[WORK TO COMPLETE]: In the records below, find the line with "Jovem aposta do" and the line with "découvrez comment les". Print both exactly, along with every line between them, and no other line.

[EXTRACTED MATERIAL]:
== Segment start ==
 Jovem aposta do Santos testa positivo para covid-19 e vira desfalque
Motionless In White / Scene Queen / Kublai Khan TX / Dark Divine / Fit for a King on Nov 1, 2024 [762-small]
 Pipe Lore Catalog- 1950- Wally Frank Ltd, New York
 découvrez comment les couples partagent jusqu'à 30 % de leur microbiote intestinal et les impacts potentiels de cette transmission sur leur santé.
== Segment end ==
== Segment start ==
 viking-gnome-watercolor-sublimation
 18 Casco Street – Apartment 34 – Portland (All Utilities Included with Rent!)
== Segment end ==
[WRITTEN REPLY]:
 Jovem aposta do Santos testa positivo para covid-19 e vira desfalque
Motionless In White / Scene Queen / Kublai Khan TX / Dark Divine / Fit for a King on Nov 1, 2024 [762-small]
 Pipe Lore Catalog- 1950- Wally Frank Ltd, New York
 découvrez comment les couples partagent jusqu'à 30 % de leur microbiote intestinal et les impacts potentiels de cette transmission sur leur santé.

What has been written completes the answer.